Taskset is a relative newcomer to the make or break world of home computer games; it's been trading for little over one year. But its protagonists cut their teeth earlier than most by producing games for real arcade machines. Now they've turned their collective attention exclusively to the Commodore 64 and have produced a string of eccentric yet original games that seem to pop up regularly in the games charts. Bohdan Buciak took the stopping train to sunny Bridlington to meet the creators of Rankin' Rodney and Bozo.

Taskset Team
The Taskset Programming Team

Andy Walker was born just down the road from Taskset's new premises on Bridlington High Street. He's managing director of that company, and probably falls into the local-boy-made-good category, whether he likes it or not. He's now in his mid-thirties, sports a Noel Edmunds hairstyle and beard, and has done time working as a civil servant. Not an environment conducive to promoting games mania. So how did he get hooked on computer games?

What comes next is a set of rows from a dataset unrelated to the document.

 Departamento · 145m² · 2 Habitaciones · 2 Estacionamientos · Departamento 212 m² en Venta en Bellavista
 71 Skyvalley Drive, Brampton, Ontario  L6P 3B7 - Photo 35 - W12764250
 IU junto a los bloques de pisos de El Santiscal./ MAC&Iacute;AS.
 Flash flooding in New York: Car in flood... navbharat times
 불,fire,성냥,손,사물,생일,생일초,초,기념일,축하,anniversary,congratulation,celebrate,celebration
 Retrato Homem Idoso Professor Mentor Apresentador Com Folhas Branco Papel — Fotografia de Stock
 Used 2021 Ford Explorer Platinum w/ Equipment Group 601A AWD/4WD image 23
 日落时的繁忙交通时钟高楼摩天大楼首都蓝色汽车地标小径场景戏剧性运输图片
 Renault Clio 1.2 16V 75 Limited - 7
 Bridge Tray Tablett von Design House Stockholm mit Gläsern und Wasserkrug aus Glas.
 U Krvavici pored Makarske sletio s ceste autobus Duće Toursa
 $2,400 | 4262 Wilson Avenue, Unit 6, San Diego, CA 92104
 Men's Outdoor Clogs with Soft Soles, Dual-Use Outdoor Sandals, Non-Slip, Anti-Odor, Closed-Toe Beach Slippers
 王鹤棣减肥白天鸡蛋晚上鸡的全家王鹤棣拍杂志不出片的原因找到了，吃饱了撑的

"I spent a considerable number of years working with computers at a government electronics centre", he declares cautiously. That was a few years back, when microcomputers were just beginning to make their attack on the mainframe and minicomputer market.

Walker saw the potential immediately and became fascinated by micros to the point of distraction. But his enthusiasm couldn't persuade his superiors to send him on small systems courses to find out more about micros. Walker considered that to be somewhat shortsighted, "they didn't believe the future lay in small systems." So he built an antipathy towards the Civil Service and started building his own micros.

He eventually left, having decided that he wanted to do nothing more than devote his time to writing video games. He managed to inspire another programmer and a video artist with his own brand of enthusiasm and together they set up AWL Electronics, a company who's major claim to fame was writing games like Andromeda and The Pit for the true games arcade consoles.